24/01/2015

Voo

         Ouvindo um silêncio inquietante contemplava o vento da sacada, o qual soprava insistente fazendo seus cabelos negros e compridos voarem. Esfriava dentro de si, tinha suas faces bronzeadas pelo luar.
          O silêncio não se sustentara, ouviu alguém chamar por ela. Seu olhar continuou perdido e estático. Estava só.
          Servindo-se de um pouco de paz tragou um gole de ar que desceu frio pelo interior de seu corpo, ao mesmo instante em que uma corrente passava agora com mais intensidade fazendo seus cabelos voarem mais.
         Desta vez rendeu-se. Arqueou o corpo e cruzou os braços protegendo-se do frio. A paisagem a inebriava e, por estar certa e encorajada de que nunca mais a veria novamente, não sairia dali tão cedo, mesmo já tendo passado longos instantes naquele local.

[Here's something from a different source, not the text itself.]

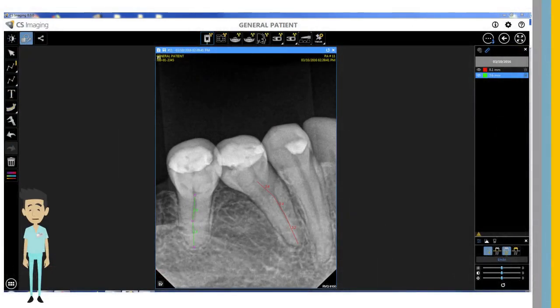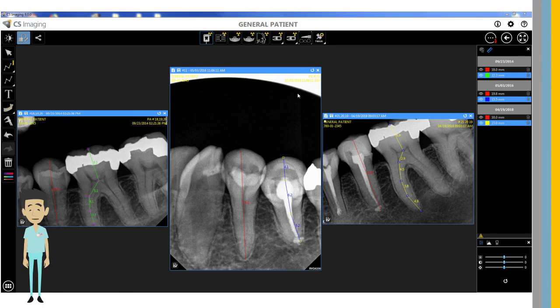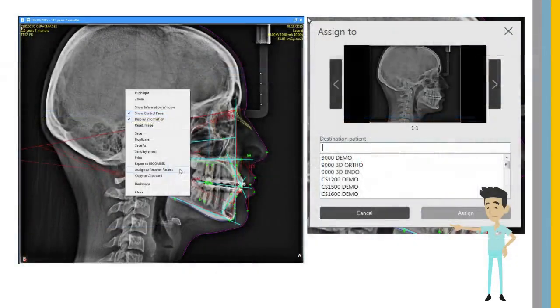CS Imaging Version 8 measurement, drawing, and annotation tools are faster and more intuitive. All tools are utilized directly on images. You can select multiple images to compare measurements. There is a redo-undo feature, and comments can be added directly to 2D images and 3D images in the dashboard. Also, it is now easier to reassign images from one patient to another.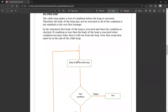There is a minor difference between while loop and do-while loop. In while loop, the condition is checked first. In do-while loop, the body of the loop is executed first, then the condition is checked.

          Voltou à posição em que estava, descruzando os braços e segurou a grade. De tanto forçá-la contra o chão, suas mãos já estavam feridas. Uma nuvem negra cobria o céu. Já podia sentir o cheiro da chuva, tão logo ela cairia.
          Em uma expressão de pavor, arregalou e virou os olhos para trás como se pudesse ver o que estava atrás de si sem movimentar o pescoço, quando além do seu nome, ela ouviu um grunhindo. Seu coração acelerou! Não havia ninguém lá com vida. Ela mesma constara.
            De súbito seus 35 anos se passaram à sua mente em menos de 35 segundos. Lembrou das poesias românticas que venerava quando mais jovem. Versos fúnebres, onde se morria de amor e por amor. E agora ela morreria acreditando que de amor não só se morria como também se matava.
         Olhando ainda fixamente para o nada, sorriu quase imperceptivelmente com o canto dos lábios, como que se despedindo da nuvem que via. Não esperaria a chuva cair. Com ímpeto revestiu-se de loucura, suspendeu os braços, abriu-os e voou.
          Ao raiar o dia, a veriam agora pálida e fria, com o negrume de seu roupão manchado de um sangue que não era seu, embora ensopado pela água da chuva.
          No quarto da sacada da qual voara, haveria ali um ser sem vida. Vida a qual ela também havia tirado.